Your task:
Output the lines of the entries below beginning at the one with "Robe Midi Florale" and ending with the last, exactly as written and without pictures.

(Collection entries)
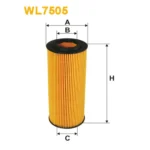 Фільтр оливи WIX FILTERS Audi A4 II,A5,A6 II, A8 II 2.4, 2.8FSI, 3.2FSI (WL7505)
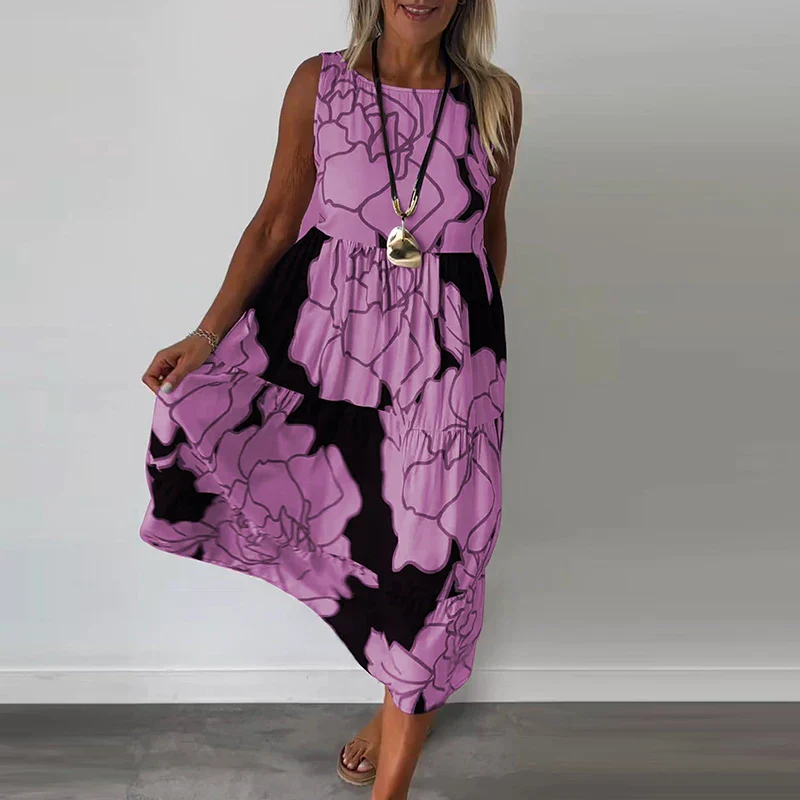 Robe Midi Florale | Viscose | Fluide & Audacieuse – Image 2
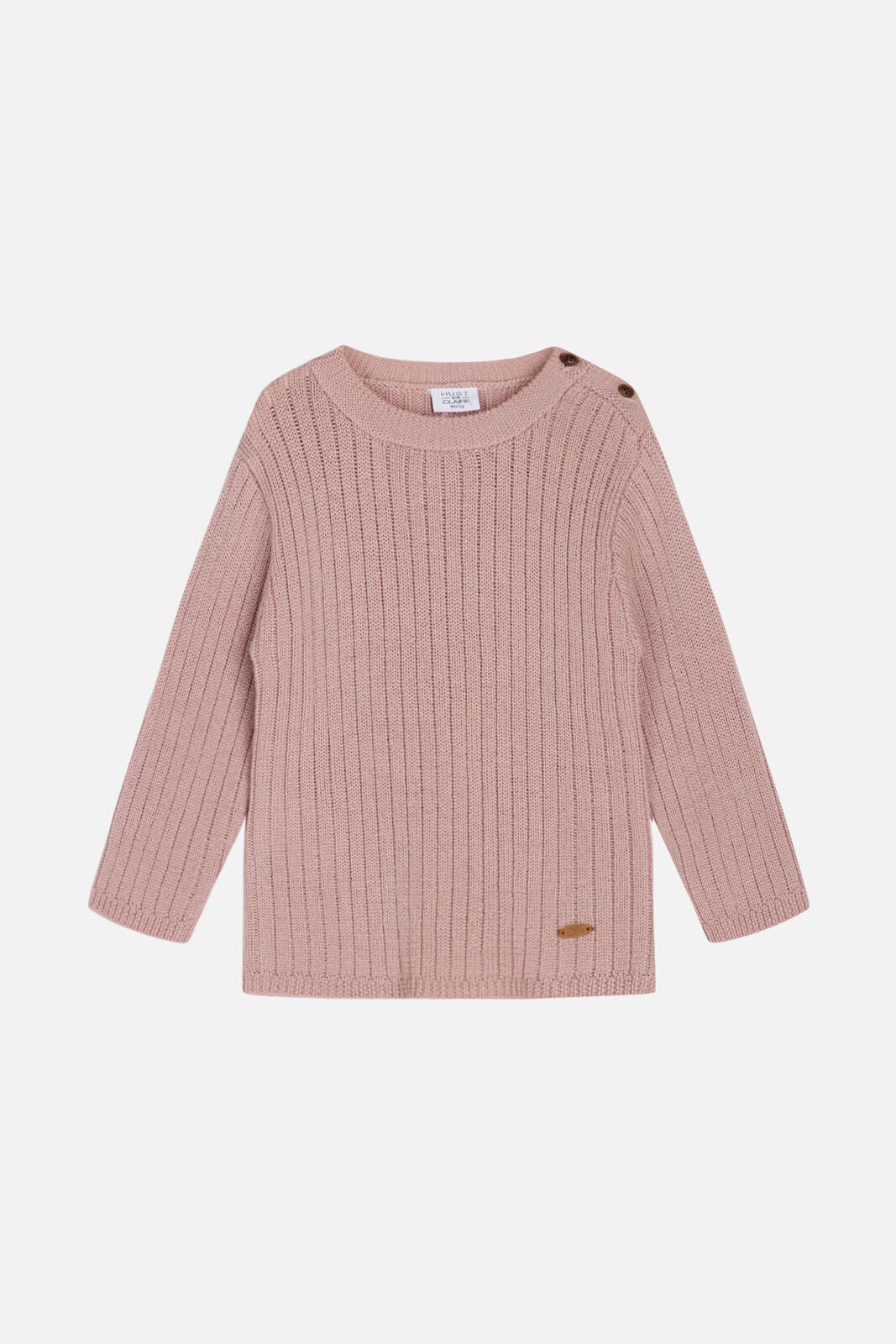 Wolle Pullover - Pil, hellrosa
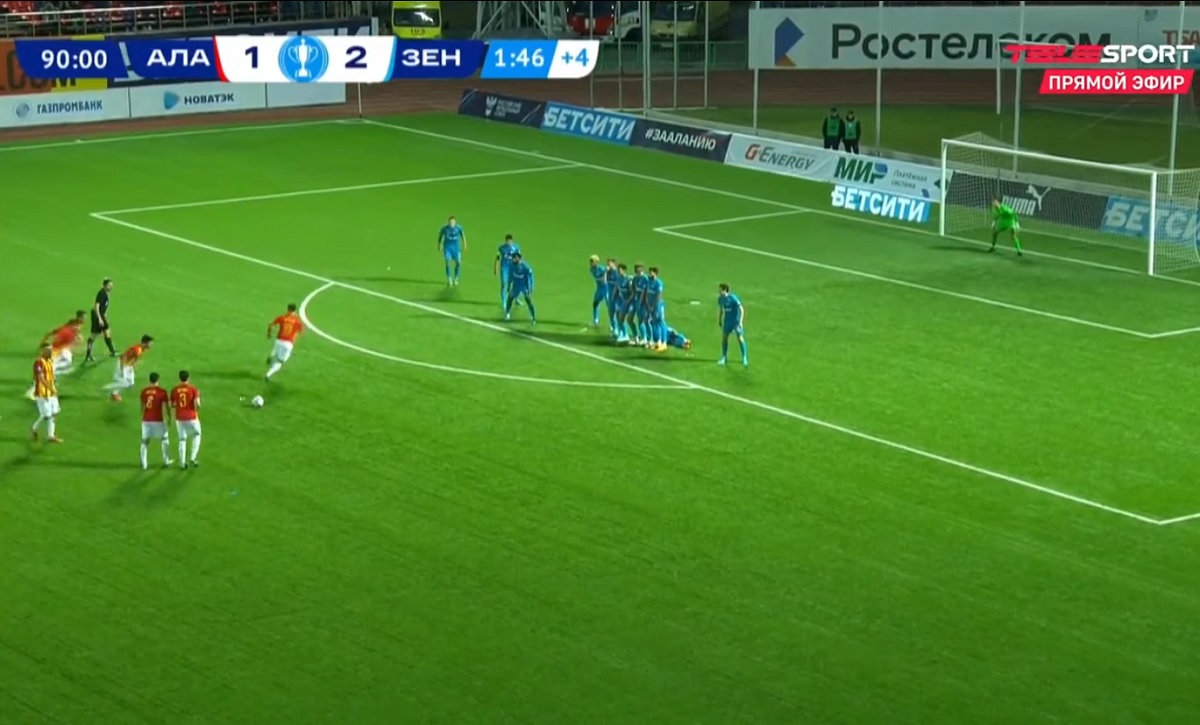 VÍDEO: time da segunda divisão russa faz jogada inusitada, gol incrível e elimina Zenit da Copa da Rússia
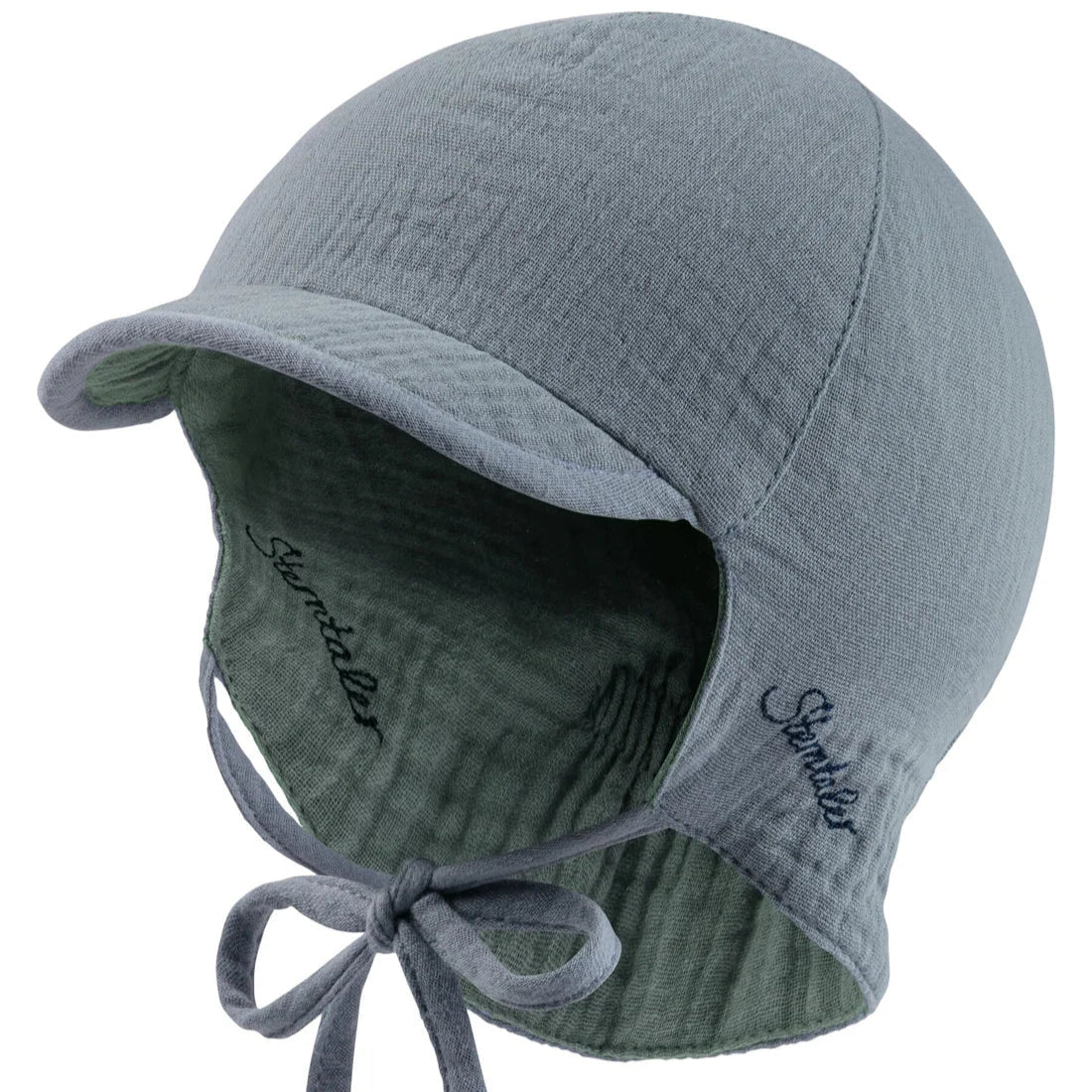 Gorra Reversible Azul/ Verde UV+50 Sterntaler - Sterntaler - PetitGegant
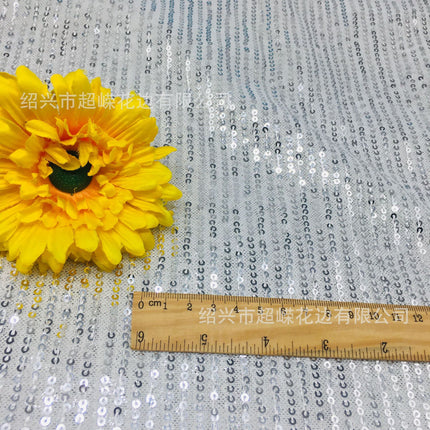 26 Colors in Stock 3mm Straight Strip Spandex Elastic Mesh Fabric Sequin Embroidery Fabric Dress Clothing Spring and Summer Sequin Fabric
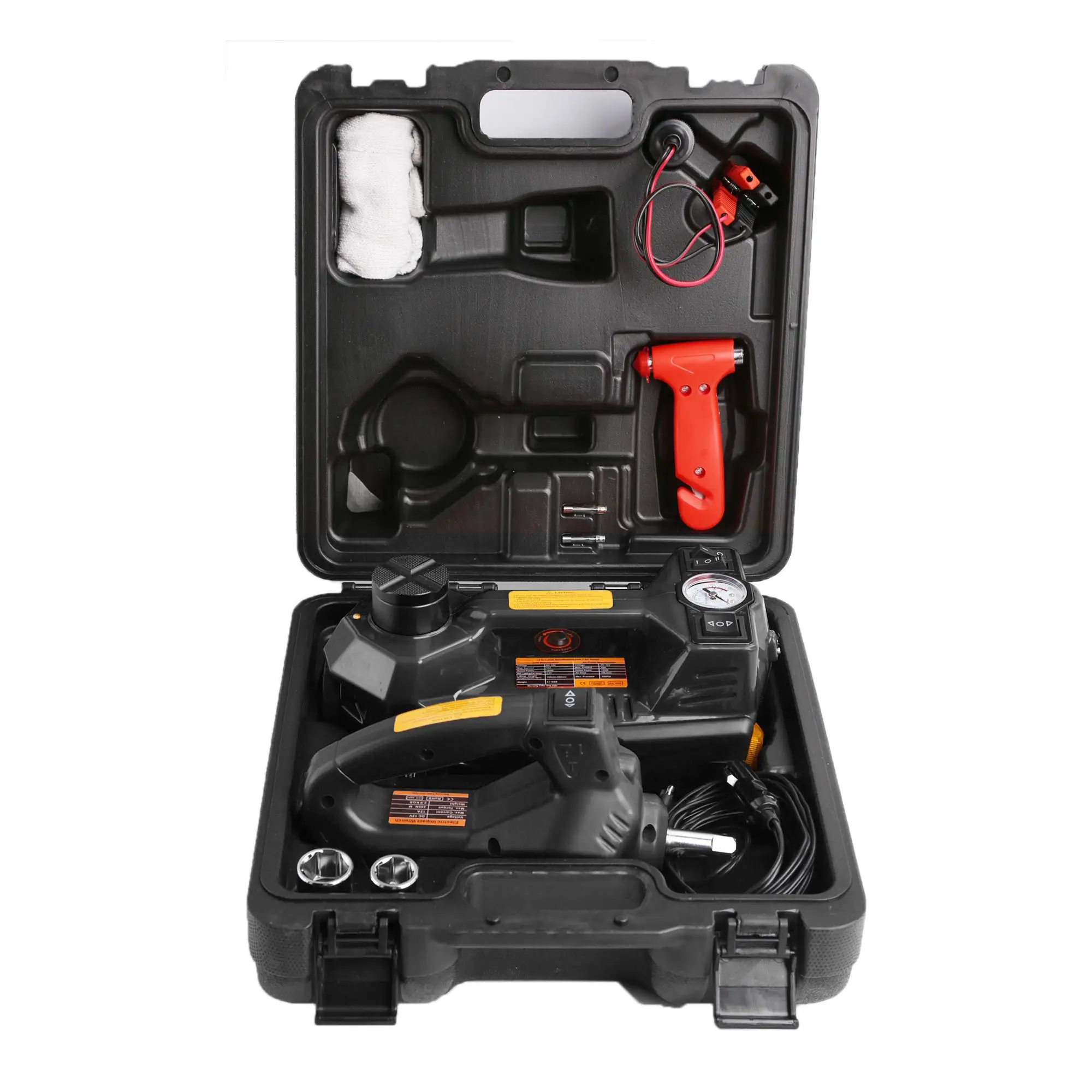 5 Ton Electric Car Jack kit 3 in 1 Set with Tire Inflator 12V DC Hydraulic floor jack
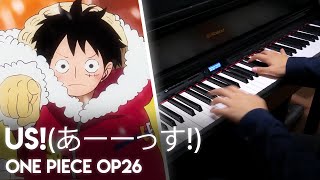 UUUUUS! [あーーっす!] - ONE PIECE OP 26 | Hiroshi Kitadani (Advanced Piano Arrangement)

Task solution:
 Robe Midi Florale | Viscose | Fluide & Audacieuse – Image 2
 Wolle Pullover - Pil, hellrosa
 VÍDEO: time da segunda divisão russa faz jogada inusitada, gol incrível e elimina Zenit da Copa da Rússia
 Gorra Reversible Azul/ Verde UV+50 Sterntaler - Sterntaler - PetitGegant
 26 Colors in Stock 3mm Straight Strip Spandex Elastic Mesh Fabric Sequin Embroidery Fabric Dress Clothing Spring and Summer Sequin Fabric
 5 Ton Electric Car Jack kit 3 in 1 Set with Tire Inflator 12V DC Hydraulic floor jack
 UUUUUS! [あーーっす!] - ONE PIECE OP 26 | Hiroshi Kitadani (Advanced Piano Arrangement)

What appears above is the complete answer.